Von den Bäuerinnen bis zu den Essenden – Ernährungssouveräntität wird gemeinsam definiert und soziale wie auch ökologische Kämpfe im Globalen Süden und Norden dabei verbunden

Ernährungssouveränität war von Anfang an als Alternative für Nord und Süd erarbeitet worden. In den 90er Jahren wurde die Diskussion um Ernährungssouveränität hauptsächlich von La Via Campesina, getragen. La Via Campesina erkannte jedoch bald, dass eine tiefgreifende Änderung und Demokratisierung der Agrar- und Ernährungssysteme nur erkämpft werden kann, wenn die Bewegung Bündnisse sucht, die über die Produzent*innen hinaus geht und Allianzen mit anderen Bewegungen schmiedet. 2007 wurde deshalb in Mali das erste internationale Forum für Ernährungssouveränität, das Nyéléni-Forum abgehalten.

Gemeinsam gegen „falsche Alternativen“ und für eine sozial-ökologische Transformation eintreten

Das Konzept der Ernährungssouveränität hat eine über 20 Jahre alte Geschichte und wird in ganz konkreten Kämpfen immer wieder neu ausverhandelt; sowohl im globalen Süden als auch im globalen Norden. Der Degrowth-Diskurs ist (als breit diskutiertes Konzept) jünger und stark von universitären Diskursen aus dem globalen Norden geprägt, wird jedoch von vielen aktivistischen Gruppen und Graswurzelinitiativen aufgegriffen und hat in jüngster Zeit ein enormes Mobilisierungspotential entwickelt.

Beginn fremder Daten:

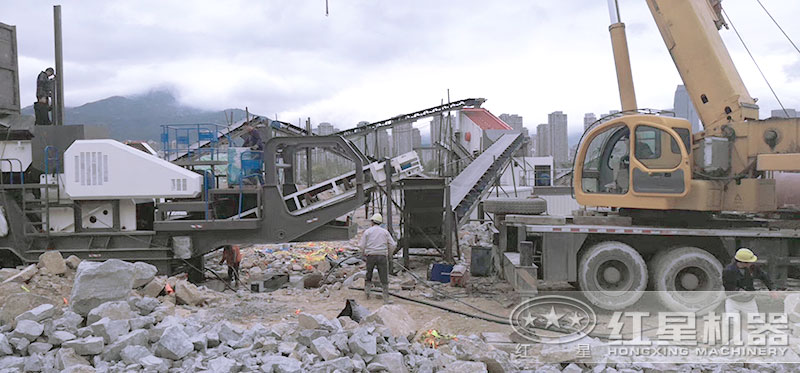 建筑垃圾處理生產線紅星機器客戶現場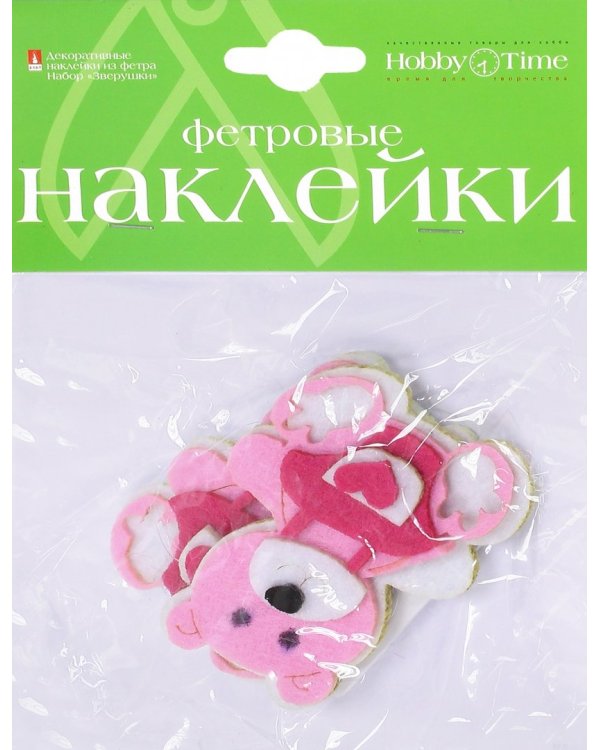 Наклейки декоративные из фетра. Набор №22. Зверушки, в ассортименте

Da wir den Degrowth-Diskurs als enorm breit wahrnehmen, möchten wir hier einige Kriterien festhalten, nach denen wir eine Anschlussfähigkeit von Degrowth und Ernährungssouveränität beurteilen1:

Macht- und Herrschaftsverhältnisse analysieren

Wir halten jene Strömungen der Degrowth-Bewegung für befruchtend, die Profiteure des kapitalistischen Akkumulationsmodells benennen und die sich mit dem Wachstumszwang und Wachstumsdrang der der kapitalistischen Marktwirtschaft befassen. Ernährungssouveränität gelingt es nur teilweise, die Triebkräfte des kapitalistischen Wachstumszwangs zu benennen und die gesellschaftlichen Auswirkungen, die ein Brechen mit diesem mit sich bringen wird, zu verstehen, Durch Ernährungssouveränität wird besonders die Profitlogik, die Bedürfnisse der Menschen hintan stellt und für die kaufkräftige Nachfrage produziert, fundamental kritisiert und der Markt als schlechtes Allokationsmittel entblößt (zB.: Hunger als Marktversagen). Degrowth-Diskurse, die befruchtend für die Bewegung für Ernährungssouveränität sind, sollten daher genau benennen können, warum die Wirtschaft im Kapitalismus wachsen muss, welches Wachstum zurückgehen muss und welche Herrschaftsverhältnisse dem Wachstumszwang eingeschrieben sind. Wichtig ist dabei, Macht nicht nur als Besitz sondern auch als soziale Macht, als Machtverhältnis zu begreifen (und Hegemonie zu verstehen).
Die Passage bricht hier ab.